*** Dataset records Section Begins ***
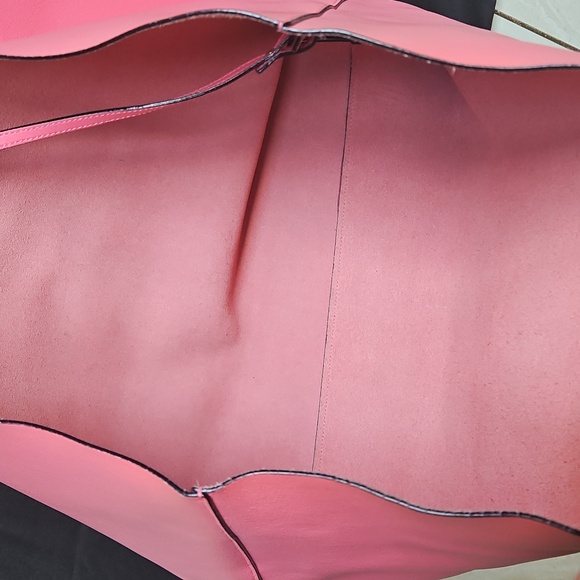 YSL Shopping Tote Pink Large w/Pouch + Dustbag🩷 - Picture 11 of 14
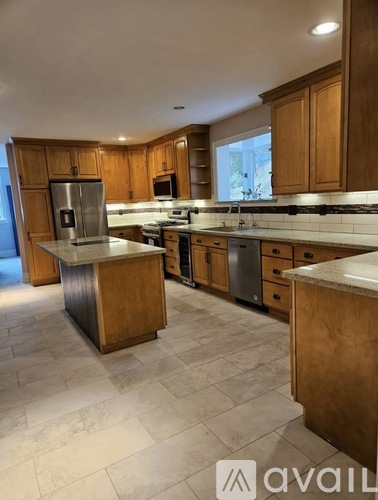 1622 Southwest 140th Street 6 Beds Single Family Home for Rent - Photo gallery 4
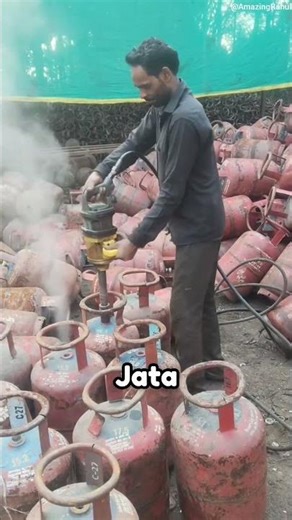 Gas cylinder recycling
*** Dataset records Section Ends ***
*** Dataset records Section Begins ***
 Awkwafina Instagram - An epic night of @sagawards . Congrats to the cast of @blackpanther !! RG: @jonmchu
*** Dataset records Section Ends ***
Take the entries above and copy exactly the lines starting at the one with "YSL Shopping Tote" and ending at the one with "Gas cylinder recycling"; nothing outside that span, and no pictures.

Answer box →
 YSL Shopping Tote Pink Large w/Pouch + Dustbag🩷 - Picture 11 of 14
 1622 Southwest 140th Street 6 Beds Single Family Home for Rent - Photo gallery 4
 Gas cylinder recycling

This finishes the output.